Если современная проблема допинга во многом вызвана коммерциализацией спорта, то, может быть, существует экономический выход из ситуации? Например, финансовое стимулирование честности атлетов.

Многие страны, например Норвегия, вводят штрафы для спортсменов, попавшихся на допинге, в других странах спортсмен должен вернуть часть денег, потраченных на его подготовку. У нас дисквалифицированный спортсмен слетает со всех президентских и прочих стипендий, он не может получать зарплату из спортивных бюджетов. Все это помогает, и уже остановило многих спортсменов. С другой стороны, в рамках WADA сейчас функционирует орган – комиссия атлетов, – призванный обеспечить спортсменам возможность поговорить между собой. Опытные объясняют молодым, как на самом деле обстоит дело. Могу сказать, что любые карательные меры по своей эффективности уступают обычным образовательным программам. Главное, чтобы эти программы были неформальными. Мы называем это борьбой с допингом на уровне мозгов, а не на уровне мочевого пузыря.

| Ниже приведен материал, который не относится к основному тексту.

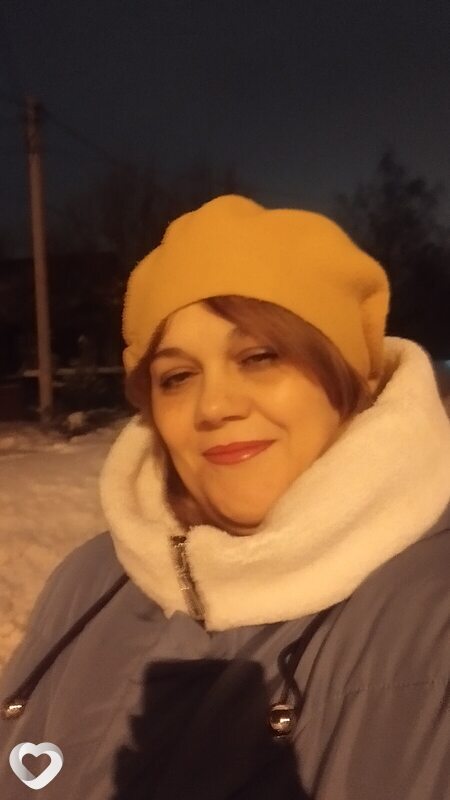Ева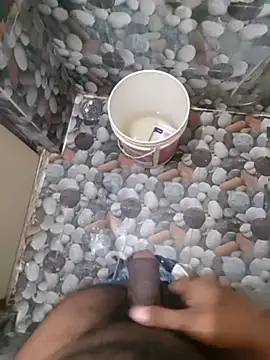 hydhunk26 online show from April 2026 07:34:02 PM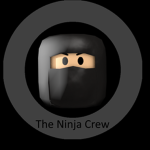 (The Ninja Crew)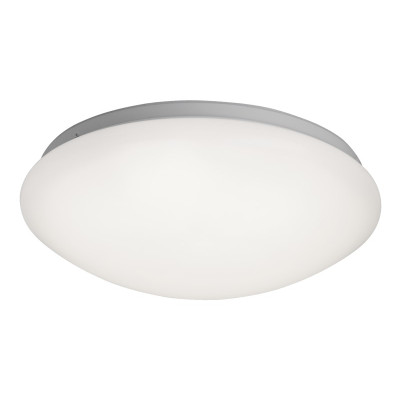 Množstvo v kartóne (ks)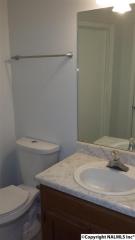13170 Oliver Ln, Madison AL  35756-3519 exterior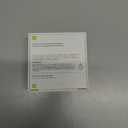 Apple AirPods 4 Wireless Earbuds, Bluetooth Headphones, with Active Noise Cancellation, Adaptive, Transparency Mode, Personalized Spatial Audio, USB-C Charging Case, Wireless Charging, H2 Chip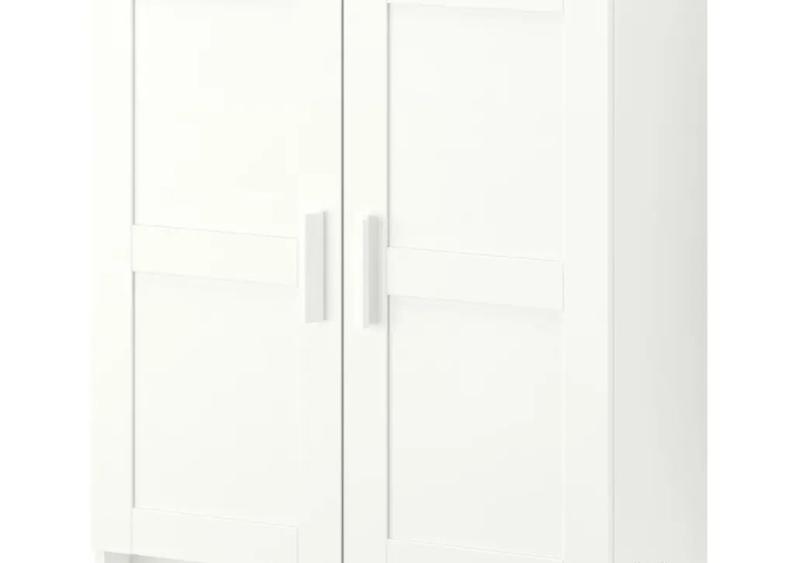 Propietar ofer spre inchiriere apartament cu doua camere in cartierul Noua - 12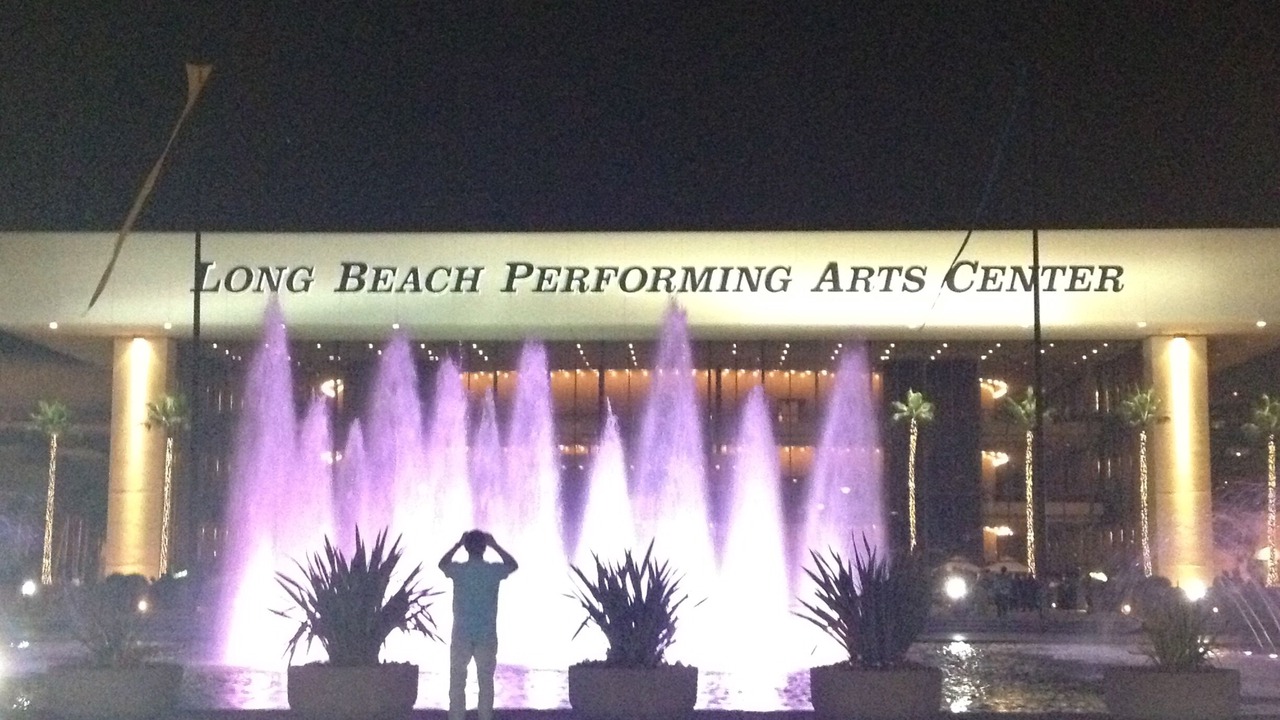 Photo of Others in Waterfront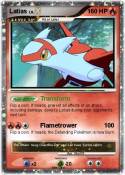 Latias
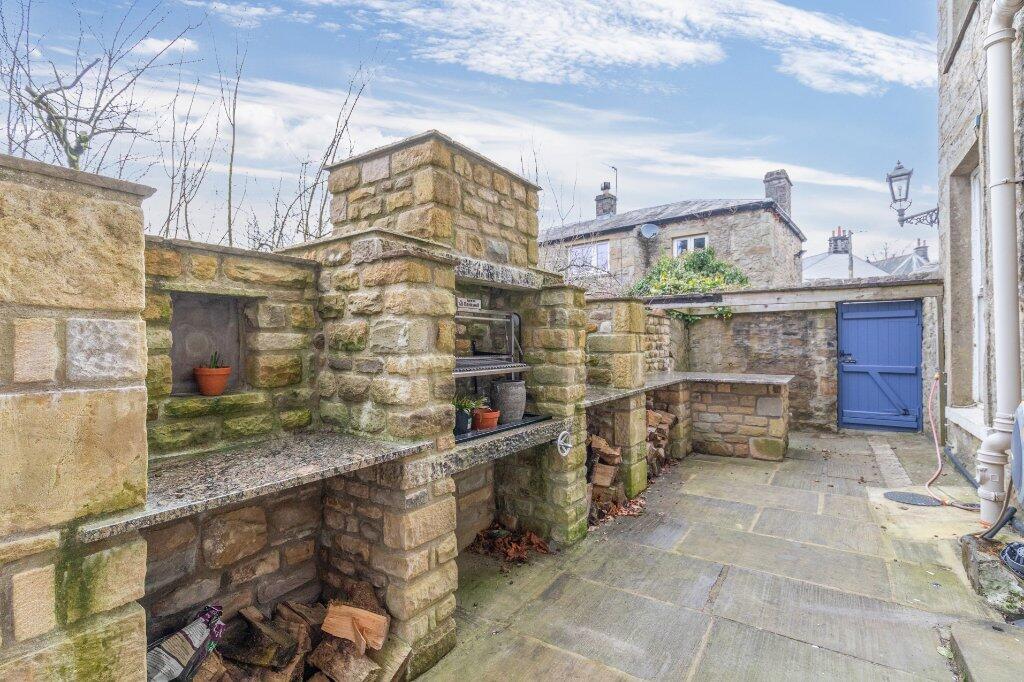 Additional image 27 of Bankwell Road, Giggleswick, Settle, North Yorkshire, BD24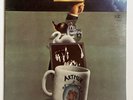 The Kinks Arthur The Decline & Fall Of British Emp Reprise 6366 1969 EX Vinyl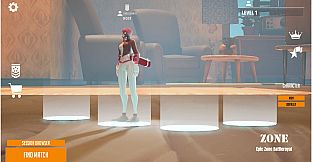 epic zone battleroyal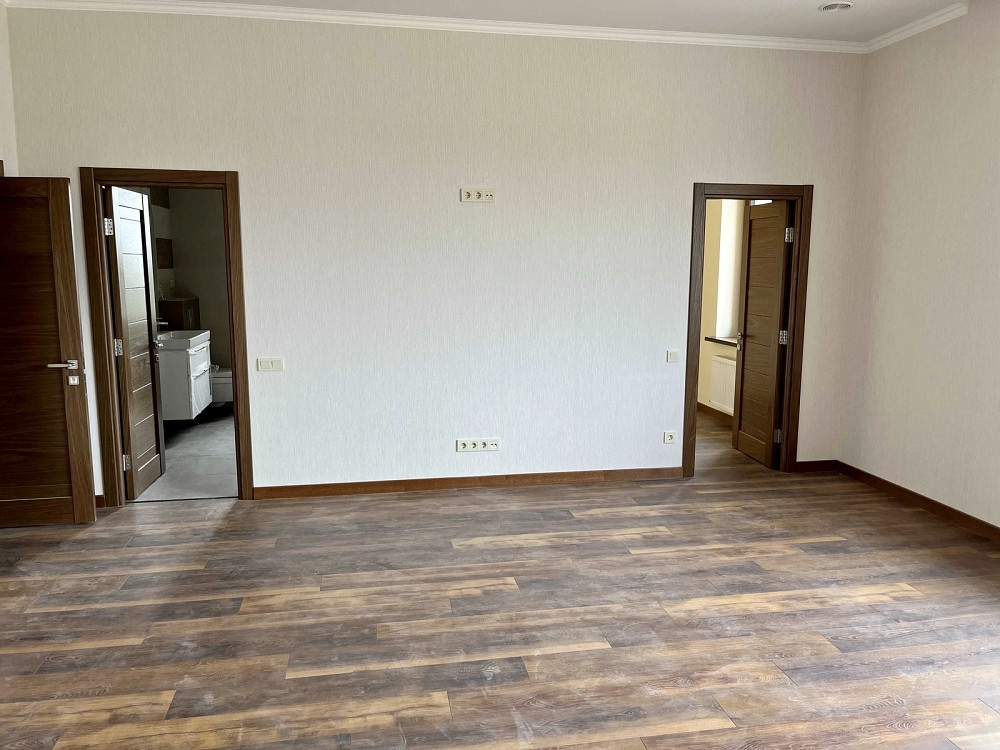 Продаж Будинок на вул. Корабельна Одесса - изображение 9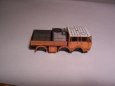 Tatra 813 TP 6x6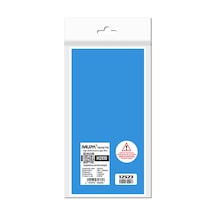 Mupa Termal Ped / Thermal Pad 1.0Mm 1.3W/Mk 10X20Cm M2010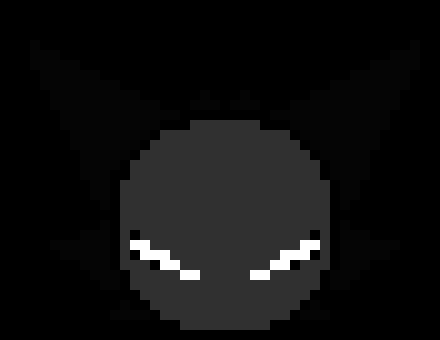[62d4b6] understandable, bit if its out of being picky that's a problem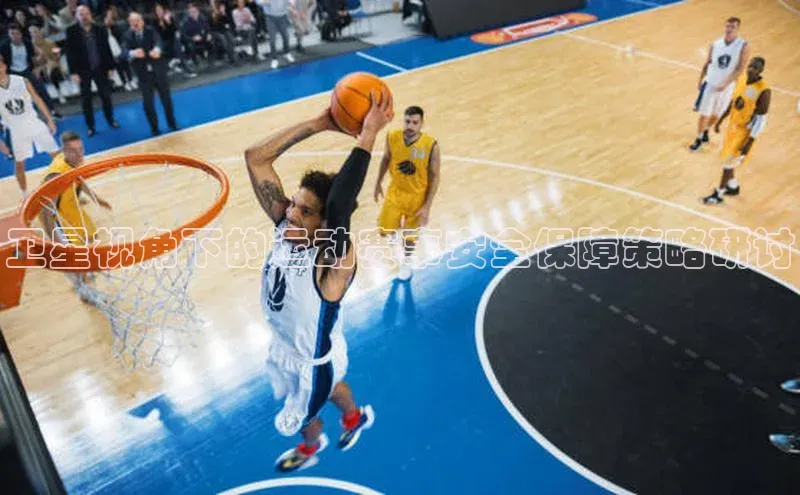 杏悦娱乐代理百度手机输入法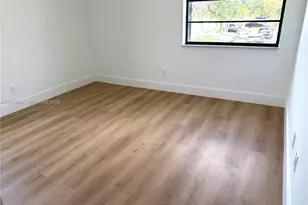 2601 N 40th Ave, Hollywood, FL 33021 - Photo 21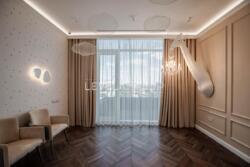 ������ ������������� ����������� 4-��������� ��������� � �� Jack House, ���. ��� �������, 7� ���� 15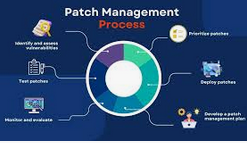 The Ultimate Guide to Patch Management Systems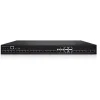 Lancom XS-6128QF L3 24xSFP+ davon 4xSFP+Combo & 4xSFP28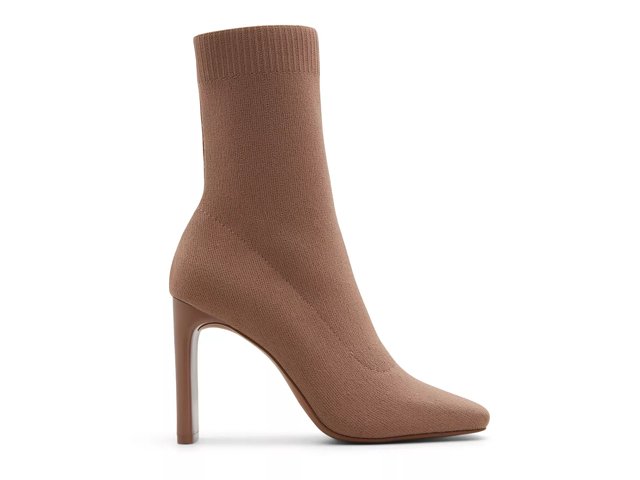 Spring online booties dsw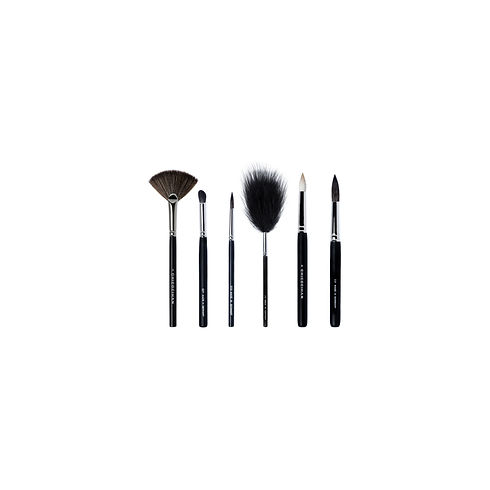CHICOCIHAN brushes-1.jpg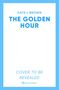 Kate Lord Brown: The Golden Hour, Buch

Вы как-то сказали, что современный спорт в том виде, в котором мы его знаем, просуществует еще 10–12 лет, а потом кардинально изменится. Что вы тогда имели в виду?

Я в данном случае исходил из пессимистического сценария и имел в виду перспективу генного допинга, то есть появление новых методик, которые по своей эффективности и опасности превзойдут все, что мы до сих пор могли наблюдать в нелегальной спортивной медицине. Это не мое мнение, так считают многие специалисты по спортивной медицине, спортивной этике и даже спортивному бизнесу. Прототипы технологий генного допинга уже готовы. И они даже применяются в медицине, а опыт показывает, что дистанция между большой и нелегальной допинговой медициной достаточно коротка. Наши немецкие коллеги считают, что уже применяется репоксиген – одна из первых генных допинговых технологий. Она позволяет повышать уровень гемоглобина. То есть речь идет о том, что генный допинг уже у порога, а некоторые считают, что его эра уже началась.